- [WORK INSTRUCTIONS] Stopping at the line that holds "BOSCH ボッシュ ジャンプスターター 大容量18000mAh12V/6.0L", repeat the lines below exactly, starting from the very first and including that final line.

::::

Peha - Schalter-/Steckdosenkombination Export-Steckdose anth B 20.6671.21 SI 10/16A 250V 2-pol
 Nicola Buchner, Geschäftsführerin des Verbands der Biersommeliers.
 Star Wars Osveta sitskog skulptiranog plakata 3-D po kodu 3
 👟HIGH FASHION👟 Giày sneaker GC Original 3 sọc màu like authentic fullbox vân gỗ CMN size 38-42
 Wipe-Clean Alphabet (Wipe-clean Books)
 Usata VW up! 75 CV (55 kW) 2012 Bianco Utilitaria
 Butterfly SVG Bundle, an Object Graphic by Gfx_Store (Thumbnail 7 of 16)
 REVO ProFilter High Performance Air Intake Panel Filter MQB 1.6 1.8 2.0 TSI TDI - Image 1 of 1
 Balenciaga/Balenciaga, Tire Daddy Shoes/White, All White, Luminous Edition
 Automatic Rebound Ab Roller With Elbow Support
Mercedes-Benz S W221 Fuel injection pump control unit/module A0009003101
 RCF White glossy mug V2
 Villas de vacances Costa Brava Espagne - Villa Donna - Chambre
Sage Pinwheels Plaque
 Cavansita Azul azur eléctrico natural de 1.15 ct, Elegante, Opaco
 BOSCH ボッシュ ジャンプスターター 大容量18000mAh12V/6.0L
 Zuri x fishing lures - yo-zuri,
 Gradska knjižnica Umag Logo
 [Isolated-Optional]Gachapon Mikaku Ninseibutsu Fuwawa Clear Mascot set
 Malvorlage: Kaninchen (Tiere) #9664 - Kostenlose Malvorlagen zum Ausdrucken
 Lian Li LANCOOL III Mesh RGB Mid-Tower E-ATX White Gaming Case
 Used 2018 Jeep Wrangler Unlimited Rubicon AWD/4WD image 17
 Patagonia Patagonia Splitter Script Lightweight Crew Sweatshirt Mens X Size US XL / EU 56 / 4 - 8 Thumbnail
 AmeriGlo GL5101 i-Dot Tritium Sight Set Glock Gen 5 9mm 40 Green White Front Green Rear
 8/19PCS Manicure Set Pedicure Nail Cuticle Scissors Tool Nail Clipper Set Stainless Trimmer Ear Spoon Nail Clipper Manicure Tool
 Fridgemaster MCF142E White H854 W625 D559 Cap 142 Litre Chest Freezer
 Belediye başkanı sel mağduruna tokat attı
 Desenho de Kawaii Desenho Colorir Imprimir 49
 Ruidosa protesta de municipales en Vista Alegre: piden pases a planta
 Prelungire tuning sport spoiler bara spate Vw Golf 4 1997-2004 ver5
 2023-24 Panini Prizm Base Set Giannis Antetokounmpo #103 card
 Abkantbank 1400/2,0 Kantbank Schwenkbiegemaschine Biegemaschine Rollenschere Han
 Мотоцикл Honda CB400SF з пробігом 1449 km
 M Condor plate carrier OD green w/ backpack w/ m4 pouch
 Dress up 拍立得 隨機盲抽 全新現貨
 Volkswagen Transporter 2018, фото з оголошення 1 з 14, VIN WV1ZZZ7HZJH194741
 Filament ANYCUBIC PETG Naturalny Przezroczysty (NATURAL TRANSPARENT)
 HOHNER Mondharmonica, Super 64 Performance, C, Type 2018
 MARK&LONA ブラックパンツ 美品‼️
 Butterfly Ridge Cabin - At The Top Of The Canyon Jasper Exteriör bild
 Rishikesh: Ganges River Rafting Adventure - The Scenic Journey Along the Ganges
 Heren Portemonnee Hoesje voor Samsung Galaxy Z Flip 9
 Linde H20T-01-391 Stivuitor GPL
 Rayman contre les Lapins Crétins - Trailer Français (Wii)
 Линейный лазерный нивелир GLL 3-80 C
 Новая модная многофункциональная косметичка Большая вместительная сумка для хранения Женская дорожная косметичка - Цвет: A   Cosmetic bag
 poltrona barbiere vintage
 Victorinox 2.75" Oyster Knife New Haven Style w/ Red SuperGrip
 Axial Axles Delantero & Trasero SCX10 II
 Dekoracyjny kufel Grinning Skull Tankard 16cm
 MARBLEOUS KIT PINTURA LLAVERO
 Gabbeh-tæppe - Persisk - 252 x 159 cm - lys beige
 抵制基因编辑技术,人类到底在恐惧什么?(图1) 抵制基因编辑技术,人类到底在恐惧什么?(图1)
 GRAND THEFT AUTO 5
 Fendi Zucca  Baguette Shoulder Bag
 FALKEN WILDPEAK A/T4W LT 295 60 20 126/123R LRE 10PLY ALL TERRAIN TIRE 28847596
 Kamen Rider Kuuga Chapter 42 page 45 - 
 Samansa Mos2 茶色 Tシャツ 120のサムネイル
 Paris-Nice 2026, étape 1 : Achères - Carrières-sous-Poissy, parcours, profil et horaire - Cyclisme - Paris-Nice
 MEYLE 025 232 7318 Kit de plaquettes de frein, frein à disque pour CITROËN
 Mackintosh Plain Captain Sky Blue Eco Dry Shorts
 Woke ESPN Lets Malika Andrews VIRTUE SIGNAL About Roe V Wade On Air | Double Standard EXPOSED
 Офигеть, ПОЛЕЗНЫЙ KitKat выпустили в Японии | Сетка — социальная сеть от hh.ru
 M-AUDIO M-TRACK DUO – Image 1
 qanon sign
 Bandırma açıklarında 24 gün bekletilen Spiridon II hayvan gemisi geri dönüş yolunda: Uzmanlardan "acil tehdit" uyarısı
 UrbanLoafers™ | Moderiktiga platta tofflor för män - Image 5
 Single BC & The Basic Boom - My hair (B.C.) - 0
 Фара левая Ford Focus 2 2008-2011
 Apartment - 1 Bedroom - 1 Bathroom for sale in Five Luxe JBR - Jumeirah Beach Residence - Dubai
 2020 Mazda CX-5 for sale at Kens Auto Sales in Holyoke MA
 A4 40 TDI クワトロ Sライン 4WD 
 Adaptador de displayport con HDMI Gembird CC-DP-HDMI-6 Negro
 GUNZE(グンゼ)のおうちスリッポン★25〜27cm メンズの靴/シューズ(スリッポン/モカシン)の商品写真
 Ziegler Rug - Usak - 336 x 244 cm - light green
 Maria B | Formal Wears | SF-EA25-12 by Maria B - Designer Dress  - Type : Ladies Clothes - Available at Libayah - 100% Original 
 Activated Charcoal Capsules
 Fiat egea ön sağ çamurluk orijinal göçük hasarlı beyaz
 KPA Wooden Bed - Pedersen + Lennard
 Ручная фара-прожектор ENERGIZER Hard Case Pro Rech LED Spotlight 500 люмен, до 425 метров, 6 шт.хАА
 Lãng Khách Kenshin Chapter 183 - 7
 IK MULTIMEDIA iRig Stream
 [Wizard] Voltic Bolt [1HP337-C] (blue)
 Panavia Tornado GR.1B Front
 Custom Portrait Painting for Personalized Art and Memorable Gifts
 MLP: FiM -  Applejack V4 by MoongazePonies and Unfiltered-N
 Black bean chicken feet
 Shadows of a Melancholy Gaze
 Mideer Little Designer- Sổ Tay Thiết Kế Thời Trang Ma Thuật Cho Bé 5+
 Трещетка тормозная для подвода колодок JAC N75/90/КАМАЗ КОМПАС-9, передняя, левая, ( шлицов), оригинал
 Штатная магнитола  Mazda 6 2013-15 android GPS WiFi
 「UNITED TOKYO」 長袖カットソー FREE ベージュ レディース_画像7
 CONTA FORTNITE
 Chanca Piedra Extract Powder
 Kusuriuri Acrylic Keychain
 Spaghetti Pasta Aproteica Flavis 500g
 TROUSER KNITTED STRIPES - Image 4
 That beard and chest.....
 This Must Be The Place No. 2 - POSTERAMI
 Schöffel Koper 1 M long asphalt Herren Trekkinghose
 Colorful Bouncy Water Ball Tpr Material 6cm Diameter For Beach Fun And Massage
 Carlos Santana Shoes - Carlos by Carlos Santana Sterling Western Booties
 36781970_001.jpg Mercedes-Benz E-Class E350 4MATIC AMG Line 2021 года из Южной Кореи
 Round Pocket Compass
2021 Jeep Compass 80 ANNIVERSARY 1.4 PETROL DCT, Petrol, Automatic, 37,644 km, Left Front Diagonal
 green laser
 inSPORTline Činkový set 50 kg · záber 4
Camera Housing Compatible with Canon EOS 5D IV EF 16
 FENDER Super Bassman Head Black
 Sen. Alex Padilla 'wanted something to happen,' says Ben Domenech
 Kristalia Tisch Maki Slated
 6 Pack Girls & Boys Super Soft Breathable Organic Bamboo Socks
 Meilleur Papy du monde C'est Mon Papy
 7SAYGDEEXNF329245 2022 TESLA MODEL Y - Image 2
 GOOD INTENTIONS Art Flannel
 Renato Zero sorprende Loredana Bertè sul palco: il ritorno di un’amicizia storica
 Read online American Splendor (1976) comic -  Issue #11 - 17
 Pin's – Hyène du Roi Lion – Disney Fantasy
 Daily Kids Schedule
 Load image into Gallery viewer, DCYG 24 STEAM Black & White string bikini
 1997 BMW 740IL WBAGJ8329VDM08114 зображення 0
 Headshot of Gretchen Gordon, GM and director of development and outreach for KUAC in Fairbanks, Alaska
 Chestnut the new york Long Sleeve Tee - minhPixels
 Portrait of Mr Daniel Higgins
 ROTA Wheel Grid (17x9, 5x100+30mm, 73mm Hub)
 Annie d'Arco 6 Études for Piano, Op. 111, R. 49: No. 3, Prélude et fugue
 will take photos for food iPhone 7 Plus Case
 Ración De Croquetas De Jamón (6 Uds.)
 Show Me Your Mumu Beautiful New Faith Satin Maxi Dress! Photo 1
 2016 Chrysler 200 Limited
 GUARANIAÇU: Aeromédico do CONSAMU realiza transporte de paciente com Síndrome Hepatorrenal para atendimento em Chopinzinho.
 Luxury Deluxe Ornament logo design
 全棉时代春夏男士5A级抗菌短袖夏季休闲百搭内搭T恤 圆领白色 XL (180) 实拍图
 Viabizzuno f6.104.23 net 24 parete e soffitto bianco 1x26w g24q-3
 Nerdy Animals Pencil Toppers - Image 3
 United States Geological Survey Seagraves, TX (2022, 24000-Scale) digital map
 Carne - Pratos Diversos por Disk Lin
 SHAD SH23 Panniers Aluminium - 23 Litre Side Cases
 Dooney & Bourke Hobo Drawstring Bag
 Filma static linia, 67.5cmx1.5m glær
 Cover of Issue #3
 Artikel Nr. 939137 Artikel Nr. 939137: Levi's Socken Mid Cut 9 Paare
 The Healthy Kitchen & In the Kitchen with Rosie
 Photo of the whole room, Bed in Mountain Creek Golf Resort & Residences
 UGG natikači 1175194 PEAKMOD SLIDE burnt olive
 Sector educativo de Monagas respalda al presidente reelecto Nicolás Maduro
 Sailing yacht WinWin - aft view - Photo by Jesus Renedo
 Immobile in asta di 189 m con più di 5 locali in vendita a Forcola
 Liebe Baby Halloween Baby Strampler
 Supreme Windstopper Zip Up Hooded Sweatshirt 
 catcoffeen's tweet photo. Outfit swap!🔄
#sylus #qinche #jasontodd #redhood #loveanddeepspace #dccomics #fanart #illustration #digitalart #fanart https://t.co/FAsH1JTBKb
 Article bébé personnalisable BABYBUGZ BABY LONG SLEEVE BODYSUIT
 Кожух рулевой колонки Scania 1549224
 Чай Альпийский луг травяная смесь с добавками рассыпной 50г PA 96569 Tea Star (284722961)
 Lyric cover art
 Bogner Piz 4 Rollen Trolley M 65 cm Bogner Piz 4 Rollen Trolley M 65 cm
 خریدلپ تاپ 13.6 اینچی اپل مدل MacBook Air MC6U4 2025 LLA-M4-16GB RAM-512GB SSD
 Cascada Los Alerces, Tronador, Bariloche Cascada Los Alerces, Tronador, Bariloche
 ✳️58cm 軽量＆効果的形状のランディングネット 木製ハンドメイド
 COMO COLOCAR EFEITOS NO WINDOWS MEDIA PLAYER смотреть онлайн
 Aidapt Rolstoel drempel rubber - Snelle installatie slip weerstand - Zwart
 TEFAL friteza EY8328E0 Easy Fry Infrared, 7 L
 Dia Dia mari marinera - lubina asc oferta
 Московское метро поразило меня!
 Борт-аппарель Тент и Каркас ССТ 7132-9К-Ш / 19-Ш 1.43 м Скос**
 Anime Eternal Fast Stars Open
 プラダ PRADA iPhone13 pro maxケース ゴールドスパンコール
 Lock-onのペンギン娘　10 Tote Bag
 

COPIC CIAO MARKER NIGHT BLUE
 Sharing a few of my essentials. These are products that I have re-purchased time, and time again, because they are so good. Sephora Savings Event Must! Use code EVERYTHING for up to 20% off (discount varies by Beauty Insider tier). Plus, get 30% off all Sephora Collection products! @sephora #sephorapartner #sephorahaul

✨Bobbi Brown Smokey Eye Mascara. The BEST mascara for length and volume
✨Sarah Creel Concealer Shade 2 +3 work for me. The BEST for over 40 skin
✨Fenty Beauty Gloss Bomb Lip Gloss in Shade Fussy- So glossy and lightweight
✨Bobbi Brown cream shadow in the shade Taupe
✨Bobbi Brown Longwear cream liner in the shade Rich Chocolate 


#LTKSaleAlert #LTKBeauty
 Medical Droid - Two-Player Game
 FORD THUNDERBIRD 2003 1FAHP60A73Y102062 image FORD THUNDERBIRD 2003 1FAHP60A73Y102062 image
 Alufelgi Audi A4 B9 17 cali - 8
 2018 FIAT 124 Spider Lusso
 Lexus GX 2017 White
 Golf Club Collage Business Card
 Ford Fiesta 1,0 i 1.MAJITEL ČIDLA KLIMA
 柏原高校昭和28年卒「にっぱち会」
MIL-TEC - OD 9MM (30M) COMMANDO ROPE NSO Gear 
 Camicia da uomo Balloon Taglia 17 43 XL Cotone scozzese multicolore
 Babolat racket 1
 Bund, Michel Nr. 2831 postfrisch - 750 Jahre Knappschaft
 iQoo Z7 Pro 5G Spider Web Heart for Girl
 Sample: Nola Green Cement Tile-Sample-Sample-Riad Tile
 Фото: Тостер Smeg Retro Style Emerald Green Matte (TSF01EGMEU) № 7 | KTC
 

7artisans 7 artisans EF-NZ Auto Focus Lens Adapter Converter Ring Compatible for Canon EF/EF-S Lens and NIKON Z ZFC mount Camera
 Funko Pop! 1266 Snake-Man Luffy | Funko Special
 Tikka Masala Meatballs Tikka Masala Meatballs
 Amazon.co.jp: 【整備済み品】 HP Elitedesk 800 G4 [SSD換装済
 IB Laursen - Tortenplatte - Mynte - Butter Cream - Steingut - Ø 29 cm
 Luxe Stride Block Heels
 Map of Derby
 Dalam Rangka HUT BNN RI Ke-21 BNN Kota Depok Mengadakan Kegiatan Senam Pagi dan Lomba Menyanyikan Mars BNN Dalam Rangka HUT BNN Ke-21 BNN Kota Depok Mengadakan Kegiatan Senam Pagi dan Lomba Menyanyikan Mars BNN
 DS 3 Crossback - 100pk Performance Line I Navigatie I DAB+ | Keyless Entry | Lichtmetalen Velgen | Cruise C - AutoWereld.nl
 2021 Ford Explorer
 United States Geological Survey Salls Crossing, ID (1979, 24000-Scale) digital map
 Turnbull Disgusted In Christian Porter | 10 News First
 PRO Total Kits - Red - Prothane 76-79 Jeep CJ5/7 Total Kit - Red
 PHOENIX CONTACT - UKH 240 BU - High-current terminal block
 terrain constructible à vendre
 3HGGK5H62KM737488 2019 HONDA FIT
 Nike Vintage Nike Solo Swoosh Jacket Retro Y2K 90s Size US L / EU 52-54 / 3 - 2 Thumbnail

::::

- [SOLUTION BELOW]
Peha - Schalter-/Steckdosenkombination Export-Steckdose anth B 20.6671.21 SI 10/16A 250V 2-pol
 Nicola Buchner, Geschäftsführerin des Verbands der Biersommeliers.
 Star Wars Osveta sitskog skulptiranog plakata 3-D po kodu 3
 👟HIGH FASHION👟 Giày sneaker GC Original 3 sọc màu like authentic fullbox vân gỗ CMN size 38-42
 Wipe-Clean Alphabet (Wipe-clean Books)
 Usata VW up! 75 CV (55 kW) 2012 Bianco Utilitaria
 Butterfly SVG Bundle, an Object Graphic by Gfx_Store (Thumbnail 7 of 16)
 REVO ProFilter High Performance Air Intake Panel Filter MQB 1.6 1.8 2.0 TSI TDI - Image 1 of 1
 Balenciaga/Balenciaga, Tire Daddy Shoes/White, All White, Luminous Edition
 Automatic Rebound Ab Roller With Elbow Support
Mercedes-Benz S W221 Fuel injection pump control unit/module A0009003101
 RCF White glossy mug V2
 Villas de vacances Costa Brava Espagne - Villa Donna - Chambre
Sage Pinwheels Plaque
 Cavansita Azul azur eléctrico natural de 1.15 ct, Elegante, Opaco
 BOSCH ボッシュ ジャンプスターター 大容量18000mAh12V/6.0L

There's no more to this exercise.